“Allow me to introduce Leonidas.” And, with a slight bow to each, he said, “Mr. Mayor, Leonidas the pangolin; Leonidas, Mayor Tibo Krovic.”
Leonidas looked up expectantly and Yemko scratched the tips of his pink piggy ears. “Yeeeees, you like that, don’t you?” he cooed affectionately. “The scales of the pangolin are smoked as a cure for syphilis, you know,” he told the mayor.
“In a pipe?”
“No, like fish. I don’t know what you do with them after that. Chew them? Make tea with them? Rub them on the affected part? Who knows?”
Yemko turned away to coo at his companion, tweaking the plump little ears lovingly. “But we won’t let the baaaad men do that to little Leonidas, will we now? No, we won’t. Bad men with their nasty stinky bits. No.”
In a corner of the room, there stood a desk—the desk that Yemko had risen from in order to answer the door. Most of the room was deep in shadow but Yemko’s desk was lit by two poseable lamps and there was a huge magnifying glass on a stand fixed over a tiny vice—the sort of thing that fishermen hunch over in winter as they prepare artificial flies for the coming season. A glass inkwell shone with violet ink and the rest of the desk was lost under a snowdrift of rice grains.
Yemko waved at it vaguely. “A hobby, you know. Would you like to see?” He motioned Tibo towards the chair with a gesture of invitation and moved the magnifying glass into position. “I’m a mere beginner,” he said modestly. But there, quite distinctly, were the opening words of some strange poem written on a grain of rice—“‘What a place for a snark,’ the Bellman cried”—with all the punctuation properly in place.
Amazing. Tibo took his eye from the glass. Without it, he could barely see the ink marks on the rice.

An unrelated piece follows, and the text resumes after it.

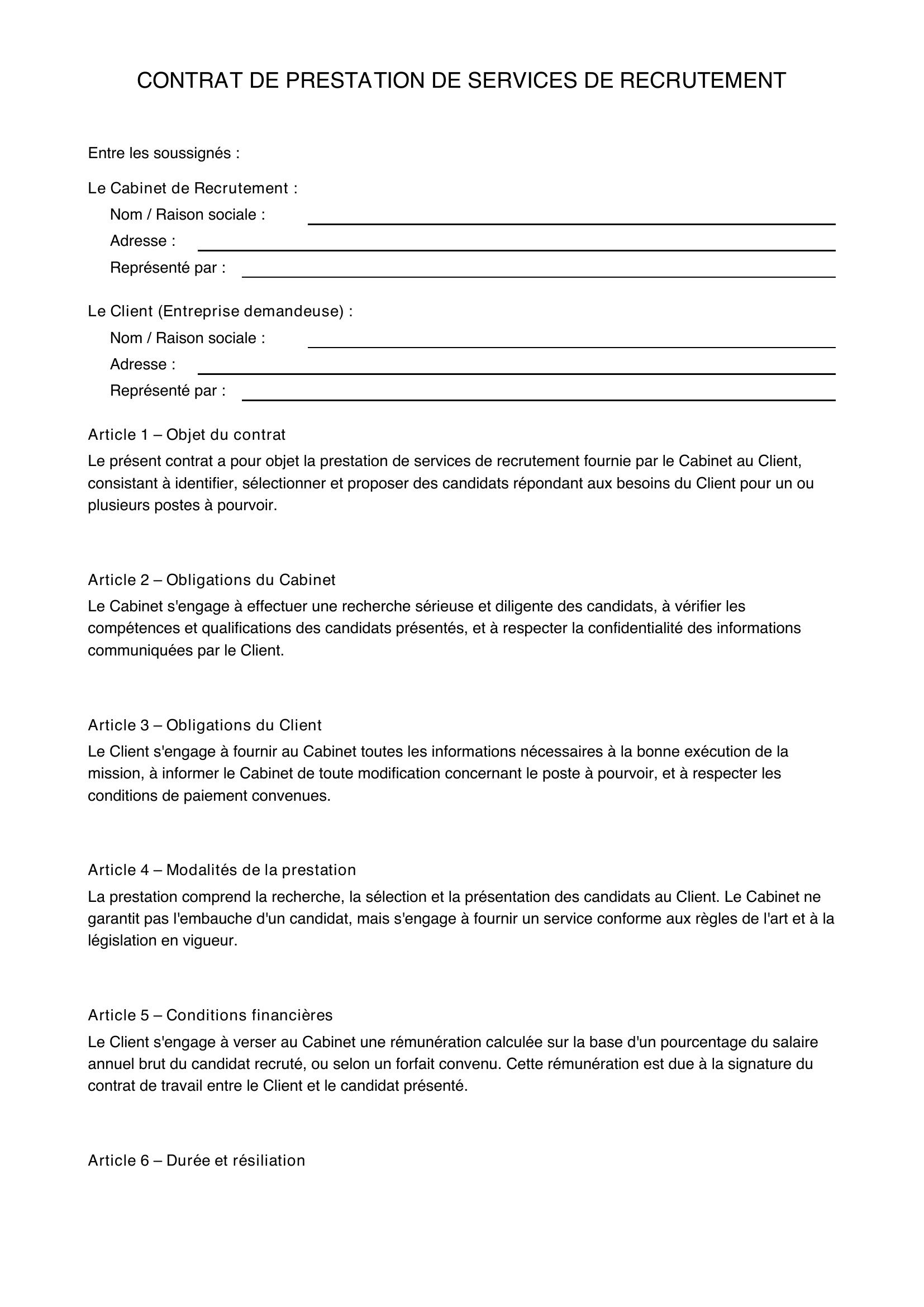 Modèle Contrat Cabinet De Recrutement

“I once got as far as ‘Forgive us our’ when I was doing the Lord’s Prayer but I ran out of rice. I’ll try again. That’s pretty much the standard text for those who share my silly obsession. I can’t see why. Or why it must be a complete piece. Why not entire books of broken sentences in a pocket of grains? Reconstituted poetry in tiny snatches? A risotto of love letters, a paella of sagas, a pilaf of sonnets, a jumbled jambalaya of dictionaries? Everything so small, except the ideas. Small. I think that’s what I like. I buy a packet of rice and lay it on the table, examine each grain in the hope it may be the one that has defied the ordinary bounds of rice-dom, expanded a little beyond the ordinary, left a tiny gap for one more idea, but I do not find it. Nature is remarkably uniform. She has set a limit on everything from diatoms to the blue whale. Everything except for me. I defy her border controls. Forgive me. I must sit.”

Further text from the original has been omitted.